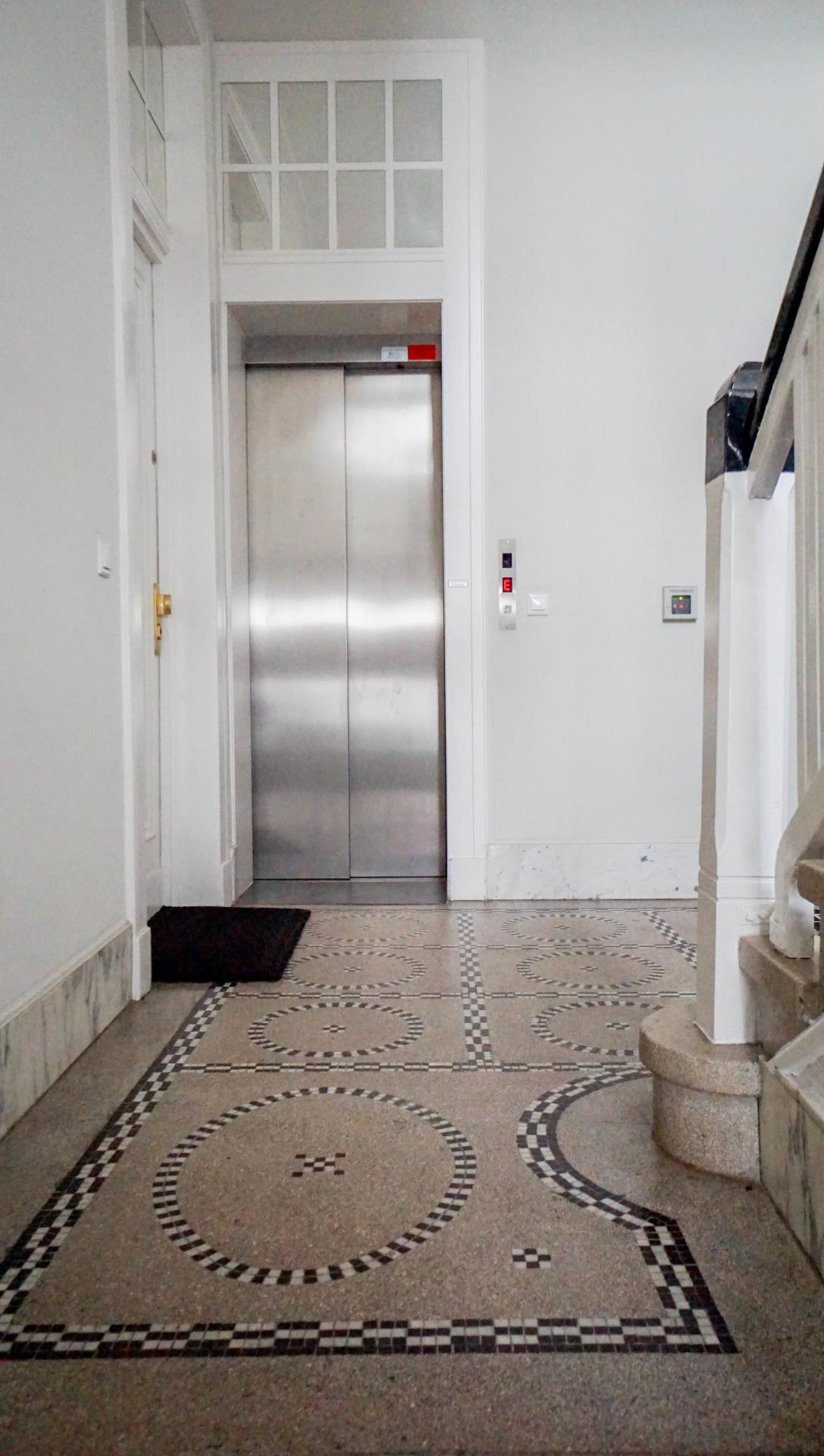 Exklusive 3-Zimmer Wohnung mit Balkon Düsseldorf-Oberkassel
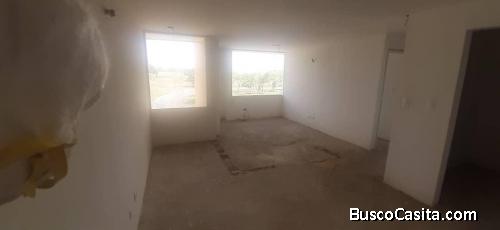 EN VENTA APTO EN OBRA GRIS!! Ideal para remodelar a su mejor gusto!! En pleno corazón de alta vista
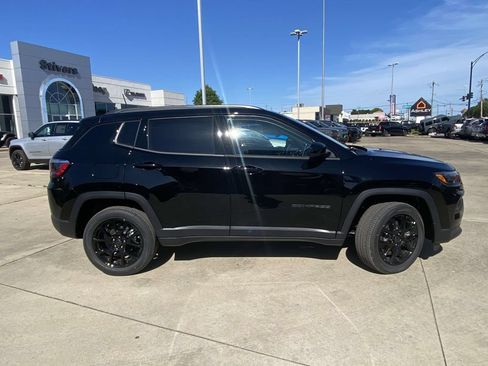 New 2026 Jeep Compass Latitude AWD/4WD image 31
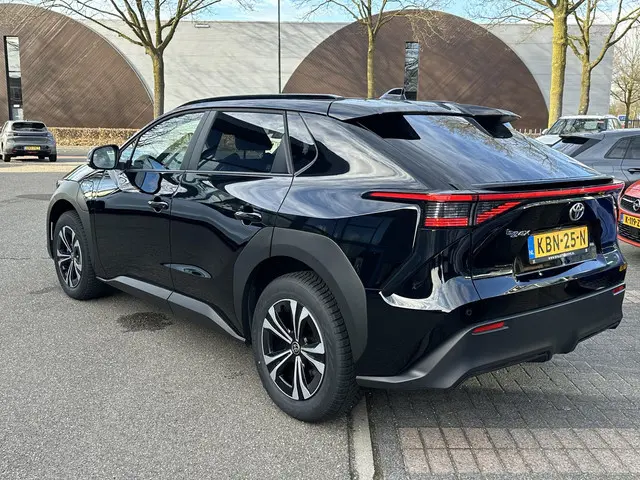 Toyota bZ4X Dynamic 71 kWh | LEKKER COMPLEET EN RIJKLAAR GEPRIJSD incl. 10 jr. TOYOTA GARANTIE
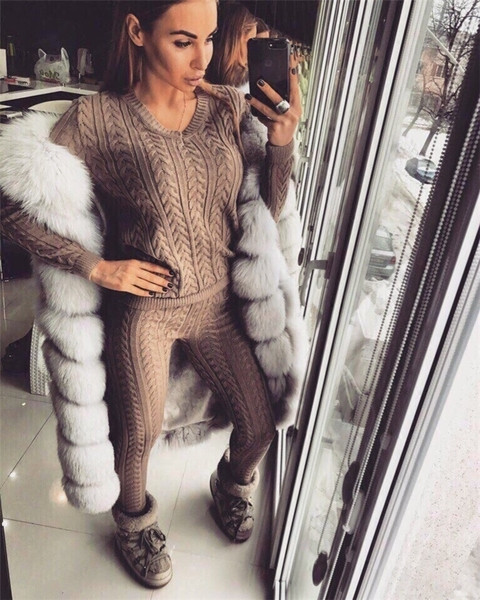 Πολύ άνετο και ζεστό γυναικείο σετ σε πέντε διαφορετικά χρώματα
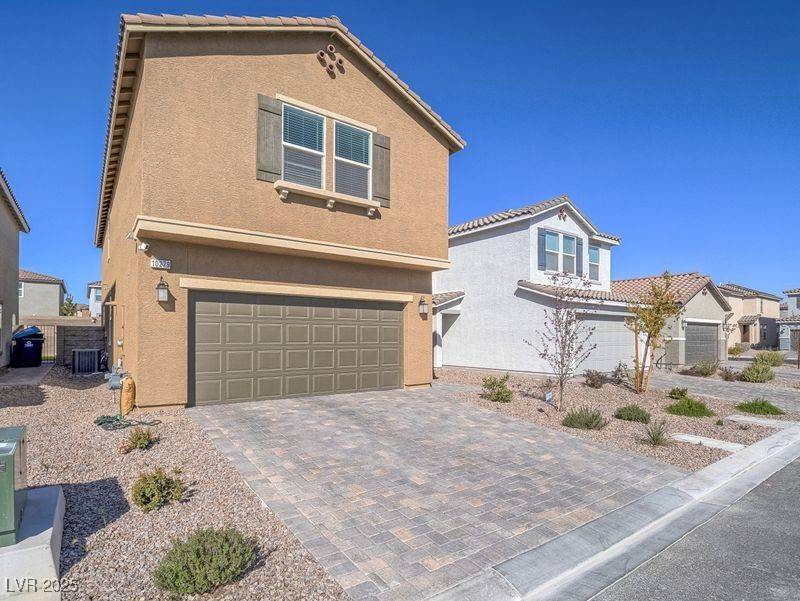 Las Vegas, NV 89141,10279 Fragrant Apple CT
══════════════════════════════
■ **Action item**
Retype the data exactly as it stands, but keep the images out of your copy.

■ **Answer section**
 Exklusive 3-Zimmer Wohnung mit Balkon Düsseldorf-Oberkassel
 EN VENTA APTO EN OBRA GRIS!! Ideal para remodelar a su mejor gusto!! En pleno corazón de alta vista
 New 2026 Jeep Compass Latitude AWD/4WD image 31
 Toyota bZ4X Dynamic 71 kWh | LEKKER COMPLEET EN RIJKLAAR GEPRIJSD incl. 10 jr. TOYOTA GARANTIE
 Πολύ άνετο και ζεστό γυναικείο σετ σε πέντε διαφορετικά χρώματα
 Las Vegas, NV 89141,10279 Fragrant Apple CT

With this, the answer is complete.